■ WHAT THE TASK REQUIRES ■
Restate word for word the entries below, starting with the line with "Load image into" and continuing through the line with "Our Card Box". Include both of those lines and no others.

■ RECORDS FOR THIS EXERCISE ■
- - -
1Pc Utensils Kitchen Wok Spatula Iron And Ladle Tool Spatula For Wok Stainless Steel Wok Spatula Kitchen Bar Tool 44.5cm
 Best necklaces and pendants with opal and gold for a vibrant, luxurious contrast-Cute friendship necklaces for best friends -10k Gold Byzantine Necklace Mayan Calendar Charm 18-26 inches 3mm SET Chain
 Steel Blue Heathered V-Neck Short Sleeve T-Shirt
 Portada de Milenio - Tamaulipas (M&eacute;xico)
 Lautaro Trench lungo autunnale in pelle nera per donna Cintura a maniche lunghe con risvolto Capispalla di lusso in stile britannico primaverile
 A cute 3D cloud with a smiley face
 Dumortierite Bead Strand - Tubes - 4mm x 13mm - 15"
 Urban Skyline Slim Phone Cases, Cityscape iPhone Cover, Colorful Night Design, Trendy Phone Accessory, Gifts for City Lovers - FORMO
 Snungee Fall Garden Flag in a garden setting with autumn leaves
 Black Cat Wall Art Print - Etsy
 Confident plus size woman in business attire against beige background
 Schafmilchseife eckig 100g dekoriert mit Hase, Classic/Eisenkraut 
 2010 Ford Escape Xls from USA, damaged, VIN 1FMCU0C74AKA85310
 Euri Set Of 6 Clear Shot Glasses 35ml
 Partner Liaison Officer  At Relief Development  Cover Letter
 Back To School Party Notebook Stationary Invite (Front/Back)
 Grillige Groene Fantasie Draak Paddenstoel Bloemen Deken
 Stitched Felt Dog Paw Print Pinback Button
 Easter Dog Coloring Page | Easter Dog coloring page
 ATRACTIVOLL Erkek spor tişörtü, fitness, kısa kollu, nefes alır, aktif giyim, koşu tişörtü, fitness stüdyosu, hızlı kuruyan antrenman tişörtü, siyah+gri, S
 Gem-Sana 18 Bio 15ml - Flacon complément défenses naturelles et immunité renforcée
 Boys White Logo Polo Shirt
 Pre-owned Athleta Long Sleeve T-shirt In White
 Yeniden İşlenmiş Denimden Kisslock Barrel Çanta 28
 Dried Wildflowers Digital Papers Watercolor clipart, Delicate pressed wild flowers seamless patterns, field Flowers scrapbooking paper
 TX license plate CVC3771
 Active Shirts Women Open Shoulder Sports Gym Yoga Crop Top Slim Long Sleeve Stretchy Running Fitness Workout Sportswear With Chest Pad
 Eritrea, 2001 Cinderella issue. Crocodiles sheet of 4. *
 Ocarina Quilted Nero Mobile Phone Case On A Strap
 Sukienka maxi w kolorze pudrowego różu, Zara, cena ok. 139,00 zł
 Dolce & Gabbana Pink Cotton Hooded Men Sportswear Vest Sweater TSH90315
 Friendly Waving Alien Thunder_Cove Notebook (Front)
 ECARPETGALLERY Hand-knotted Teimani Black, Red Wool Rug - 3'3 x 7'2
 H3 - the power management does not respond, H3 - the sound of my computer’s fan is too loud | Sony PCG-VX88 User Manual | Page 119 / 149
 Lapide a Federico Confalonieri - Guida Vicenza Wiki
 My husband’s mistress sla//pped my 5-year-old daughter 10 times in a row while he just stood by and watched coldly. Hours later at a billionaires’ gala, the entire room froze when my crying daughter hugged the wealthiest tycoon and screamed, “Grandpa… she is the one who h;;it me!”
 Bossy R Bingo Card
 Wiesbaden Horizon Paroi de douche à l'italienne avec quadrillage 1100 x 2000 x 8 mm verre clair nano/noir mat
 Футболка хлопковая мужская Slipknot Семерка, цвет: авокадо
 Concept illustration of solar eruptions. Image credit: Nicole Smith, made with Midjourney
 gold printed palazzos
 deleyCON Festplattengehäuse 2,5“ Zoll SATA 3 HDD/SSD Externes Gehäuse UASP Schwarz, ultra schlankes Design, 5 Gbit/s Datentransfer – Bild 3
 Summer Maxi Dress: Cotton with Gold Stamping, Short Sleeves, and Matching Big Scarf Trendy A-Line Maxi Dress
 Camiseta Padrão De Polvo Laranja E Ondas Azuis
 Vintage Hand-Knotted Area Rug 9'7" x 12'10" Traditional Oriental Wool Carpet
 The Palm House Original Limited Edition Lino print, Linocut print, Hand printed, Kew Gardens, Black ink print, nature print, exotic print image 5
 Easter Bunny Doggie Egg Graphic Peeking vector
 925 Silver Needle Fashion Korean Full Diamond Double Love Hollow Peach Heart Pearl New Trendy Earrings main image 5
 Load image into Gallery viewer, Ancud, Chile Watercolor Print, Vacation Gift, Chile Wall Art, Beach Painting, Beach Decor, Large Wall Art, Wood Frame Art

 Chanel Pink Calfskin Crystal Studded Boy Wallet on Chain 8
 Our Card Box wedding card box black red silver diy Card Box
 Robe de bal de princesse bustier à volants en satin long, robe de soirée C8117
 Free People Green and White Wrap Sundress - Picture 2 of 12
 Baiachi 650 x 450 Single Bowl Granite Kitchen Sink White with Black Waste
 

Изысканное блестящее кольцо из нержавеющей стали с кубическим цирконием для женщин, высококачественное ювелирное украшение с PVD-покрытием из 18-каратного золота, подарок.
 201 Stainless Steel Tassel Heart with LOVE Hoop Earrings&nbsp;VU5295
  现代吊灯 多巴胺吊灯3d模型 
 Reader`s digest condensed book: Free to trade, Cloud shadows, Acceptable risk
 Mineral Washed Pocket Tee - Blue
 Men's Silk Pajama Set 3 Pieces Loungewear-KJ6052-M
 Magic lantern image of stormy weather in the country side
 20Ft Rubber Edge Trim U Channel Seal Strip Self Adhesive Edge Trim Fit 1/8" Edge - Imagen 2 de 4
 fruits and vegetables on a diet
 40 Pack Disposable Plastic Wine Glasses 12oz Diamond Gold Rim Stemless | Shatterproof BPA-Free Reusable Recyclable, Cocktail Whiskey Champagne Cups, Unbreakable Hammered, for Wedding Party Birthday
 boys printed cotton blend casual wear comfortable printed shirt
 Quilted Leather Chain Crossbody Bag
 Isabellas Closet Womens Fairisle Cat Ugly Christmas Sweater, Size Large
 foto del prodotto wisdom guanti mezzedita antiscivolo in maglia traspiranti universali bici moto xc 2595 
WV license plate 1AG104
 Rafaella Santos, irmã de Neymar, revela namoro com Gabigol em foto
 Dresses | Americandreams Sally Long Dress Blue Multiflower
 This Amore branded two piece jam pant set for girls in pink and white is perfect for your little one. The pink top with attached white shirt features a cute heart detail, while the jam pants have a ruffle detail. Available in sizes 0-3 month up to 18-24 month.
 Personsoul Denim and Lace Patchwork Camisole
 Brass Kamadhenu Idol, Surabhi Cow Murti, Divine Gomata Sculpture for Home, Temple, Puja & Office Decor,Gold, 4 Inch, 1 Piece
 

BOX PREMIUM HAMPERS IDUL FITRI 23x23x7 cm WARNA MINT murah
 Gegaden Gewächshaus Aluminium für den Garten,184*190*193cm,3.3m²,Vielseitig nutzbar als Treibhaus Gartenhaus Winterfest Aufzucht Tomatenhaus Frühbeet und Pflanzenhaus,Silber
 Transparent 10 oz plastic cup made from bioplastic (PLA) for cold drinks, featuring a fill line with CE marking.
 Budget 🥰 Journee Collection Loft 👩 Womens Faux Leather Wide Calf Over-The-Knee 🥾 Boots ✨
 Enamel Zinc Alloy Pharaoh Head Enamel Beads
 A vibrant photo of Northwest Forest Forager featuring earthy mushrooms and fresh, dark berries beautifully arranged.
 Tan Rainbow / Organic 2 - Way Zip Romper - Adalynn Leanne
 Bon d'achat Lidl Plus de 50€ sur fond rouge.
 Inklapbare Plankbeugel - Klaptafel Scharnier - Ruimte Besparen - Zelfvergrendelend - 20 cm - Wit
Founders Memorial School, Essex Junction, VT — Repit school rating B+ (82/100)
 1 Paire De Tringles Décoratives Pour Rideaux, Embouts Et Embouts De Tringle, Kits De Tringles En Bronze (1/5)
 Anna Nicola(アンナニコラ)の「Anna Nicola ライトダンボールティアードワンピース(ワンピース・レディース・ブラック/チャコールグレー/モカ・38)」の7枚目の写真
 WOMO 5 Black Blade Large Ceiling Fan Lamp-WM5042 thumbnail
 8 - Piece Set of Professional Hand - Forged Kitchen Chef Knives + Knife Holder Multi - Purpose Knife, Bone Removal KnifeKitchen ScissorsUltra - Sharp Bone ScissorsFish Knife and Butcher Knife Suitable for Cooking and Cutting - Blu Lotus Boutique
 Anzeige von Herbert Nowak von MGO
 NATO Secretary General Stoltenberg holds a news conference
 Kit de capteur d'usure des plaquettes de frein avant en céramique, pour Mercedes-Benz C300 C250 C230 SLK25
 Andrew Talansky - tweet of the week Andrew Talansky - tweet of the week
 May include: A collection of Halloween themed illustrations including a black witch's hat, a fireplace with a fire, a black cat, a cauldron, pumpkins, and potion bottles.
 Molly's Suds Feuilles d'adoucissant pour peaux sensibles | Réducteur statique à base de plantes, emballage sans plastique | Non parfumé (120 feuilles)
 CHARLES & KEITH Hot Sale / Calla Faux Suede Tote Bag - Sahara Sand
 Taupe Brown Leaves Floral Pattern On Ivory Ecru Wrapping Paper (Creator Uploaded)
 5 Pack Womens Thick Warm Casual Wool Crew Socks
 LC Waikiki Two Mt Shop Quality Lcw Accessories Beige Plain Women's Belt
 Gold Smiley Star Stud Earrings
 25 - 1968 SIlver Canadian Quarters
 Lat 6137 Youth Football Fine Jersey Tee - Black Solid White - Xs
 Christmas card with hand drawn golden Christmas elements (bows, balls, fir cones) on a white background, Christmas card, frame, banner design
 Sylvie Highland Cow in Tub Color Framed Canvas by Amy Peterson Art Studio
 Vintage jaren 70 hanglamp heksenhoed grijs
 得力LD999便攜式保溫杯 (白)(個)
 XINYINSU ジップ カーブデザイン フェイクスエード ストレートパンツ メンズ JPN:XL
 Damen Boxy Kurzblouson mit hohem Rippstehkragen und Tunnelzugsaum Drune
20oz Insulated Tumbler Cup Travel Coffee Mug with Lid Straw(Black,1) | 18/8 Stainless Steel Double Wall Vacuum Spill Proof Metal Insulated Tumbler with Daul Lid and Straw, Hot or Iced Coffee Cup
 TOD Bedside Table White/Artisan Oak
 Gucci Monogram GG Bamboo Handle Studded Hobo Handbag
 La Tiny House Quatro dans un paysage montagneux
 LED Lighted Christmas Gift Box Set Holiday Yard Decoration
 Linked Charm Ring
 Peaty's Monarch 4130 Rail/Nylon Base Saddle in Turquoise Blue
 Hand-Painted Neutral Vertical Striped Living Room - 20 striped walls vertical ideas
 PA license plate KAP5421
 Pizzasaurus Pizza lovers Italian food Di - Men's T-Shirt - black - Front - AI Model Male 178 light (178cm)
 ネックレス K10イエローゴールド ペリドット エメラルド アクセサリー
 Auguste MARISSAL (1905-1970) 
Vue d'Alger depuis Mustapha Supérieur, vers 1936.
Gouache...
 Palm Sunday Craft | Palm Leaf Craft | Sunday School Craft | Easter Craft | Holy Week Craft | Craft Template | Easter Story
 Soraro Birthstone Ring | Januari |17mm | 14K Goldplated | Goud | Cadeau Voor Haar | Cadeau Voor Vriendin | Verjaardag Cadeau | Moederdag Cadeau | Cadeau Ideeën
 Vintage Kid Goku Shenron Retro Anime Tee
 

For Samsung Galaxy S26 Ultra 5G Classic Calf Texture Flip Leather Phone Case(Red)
- - -
■ SOLUTION TO THE PROBLEM ■
 Load image into Gallery viewer, Ancud, Chile Watercolor Print, Vacation Gift, Chile Wall Art, Beach Painting, Beach Decor, Large Wall Art, Wood Frame Art

 Chanel Pink Calfskin Crystal Studded Boy Wallet on Chain 8
 Our Card Box wedding card box black red silver diy Card Box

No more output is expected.